BEGIN
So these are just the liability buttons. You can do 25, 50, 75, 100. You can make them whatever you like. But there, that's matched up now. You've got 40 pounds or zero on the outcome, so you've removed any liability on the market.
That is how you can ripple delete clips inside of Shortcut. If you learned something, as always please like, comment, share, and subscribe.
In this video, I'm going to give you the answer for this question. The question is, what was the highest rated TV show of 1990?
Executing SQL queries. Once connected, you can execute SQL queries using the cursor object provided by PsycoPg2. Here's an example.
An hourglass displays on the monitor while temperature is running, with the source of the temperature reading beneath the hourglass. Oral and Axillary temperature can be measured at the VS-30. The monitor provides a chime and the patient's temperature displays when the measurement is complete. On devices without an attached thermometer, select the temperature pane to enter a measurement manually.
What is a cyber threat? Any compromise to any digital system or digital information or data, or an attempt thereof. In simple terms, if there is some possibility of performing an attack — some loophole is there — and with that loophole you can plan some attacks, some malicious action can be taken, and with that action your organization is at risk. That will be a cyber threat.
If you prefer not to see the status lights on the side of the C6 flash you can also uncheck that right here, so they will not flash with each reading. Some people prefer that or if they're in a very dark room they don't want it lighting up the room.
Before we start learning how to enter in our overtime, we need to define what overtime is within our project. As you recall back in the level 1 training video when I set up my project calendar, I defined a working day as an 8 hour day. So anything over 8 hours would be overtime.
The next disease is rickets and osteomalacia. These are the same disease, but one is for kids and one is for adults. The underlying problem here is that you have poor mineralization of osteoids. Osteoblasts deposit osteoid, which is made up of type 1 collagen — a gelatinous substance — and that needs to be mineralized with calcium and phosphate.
END
BEGIN
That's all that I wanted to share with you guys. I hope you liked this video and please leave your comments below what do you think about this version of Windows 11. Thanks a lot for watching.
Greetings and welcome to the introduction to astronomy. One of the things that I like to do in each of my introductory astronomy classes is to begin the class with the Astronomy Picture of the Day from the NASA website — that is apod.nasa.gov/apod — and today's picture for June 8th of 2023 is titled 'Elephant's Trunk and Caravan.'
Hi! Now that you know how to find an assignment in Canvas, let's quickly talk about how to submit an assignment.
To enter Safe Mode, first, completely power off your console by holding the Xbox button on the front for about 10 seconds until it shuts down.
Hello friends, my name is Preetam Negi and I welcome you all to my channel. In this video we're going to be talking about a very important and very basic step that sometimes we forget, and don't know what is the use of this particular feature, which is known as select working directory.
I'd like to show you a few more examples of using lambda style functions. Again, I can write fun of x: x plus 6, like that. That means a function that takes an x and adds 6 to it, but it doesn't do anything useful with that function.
END
BEGIN
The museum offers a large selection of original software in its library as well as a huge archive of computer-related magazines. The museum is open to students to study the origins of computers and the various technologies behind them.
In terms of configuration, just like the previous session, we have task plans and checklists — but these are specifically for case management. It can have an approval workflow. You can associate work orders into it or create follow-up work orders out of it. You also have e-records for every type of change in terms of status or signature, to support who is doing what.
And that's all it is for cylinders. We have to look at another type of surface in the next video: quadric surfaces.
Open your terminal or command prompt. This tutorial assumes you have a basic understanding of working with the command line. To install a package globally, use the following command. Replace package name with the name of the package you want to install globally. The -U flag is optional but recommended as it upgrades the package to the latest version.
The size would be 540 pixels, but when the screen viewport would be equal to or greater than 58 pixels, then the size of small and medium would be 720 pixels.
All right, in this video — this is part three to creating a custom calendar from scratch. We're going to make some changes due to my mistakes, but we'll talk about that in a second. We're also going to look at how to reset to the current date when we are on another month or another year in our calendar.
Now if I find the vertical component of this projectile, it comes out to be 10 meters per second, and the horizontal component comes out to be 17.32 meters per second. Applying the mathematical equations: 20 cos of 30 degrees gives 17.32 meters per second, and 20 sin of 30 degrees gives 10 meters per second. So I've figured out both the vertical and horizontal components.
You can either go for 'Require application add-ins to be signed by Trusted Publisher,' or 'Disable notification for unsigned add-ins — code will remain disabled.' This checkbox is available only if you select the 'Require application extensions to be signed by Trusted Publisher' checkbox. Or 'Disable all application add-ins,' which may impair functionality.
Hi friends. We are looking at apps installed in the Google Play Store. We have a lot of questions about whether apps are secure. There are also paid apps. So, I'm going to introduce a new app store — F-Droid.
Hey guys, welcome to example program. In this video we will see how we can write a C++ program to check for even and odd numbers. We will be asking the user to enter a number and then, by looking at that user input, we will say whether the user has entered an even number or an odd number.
END
What the task requires. In the listing above, find the line with "Now if I find" and the line with "Hey guys, welcome", then reproduce both and every line between them exactly.

Answer box.
Now if I find the vertical component of this projectile, it comes out to be 10 meters per second, and the horizontal component comes out to be 17.32 meters per second. Applying the mathematical equations: 20 cos of 30 degrees gives 17.32 meters per second, and 20 sin of 30 degrees gives 10 meters per second. So I've figured out both the vertical and horizontal components.
You can either go for 'Require application add-ins to be signed by Trusted Publisher,' or 'Disable notification for unsigned add-ins — code will remain disabled.' This checkbox is available only if you select the 'Require application extensions to be signed by Trusted Publisher' checkbox. Or 'Disable all application add-ins,' which may impair functionality.
Hi friends. We are looking at apps installed in the Google Play Store. We have a lot of questions about whether apps are secure. There are also paid apps. So, I'm going to introduce a new app store — F-Droid.
Hey guys, welcome to example program. In this video we will see how we can write a C++ program to check for even and odd numbers. We will be asking the user to enter a number and then, by looking at that user input, we will say whether the user has entered an even number or an odd number.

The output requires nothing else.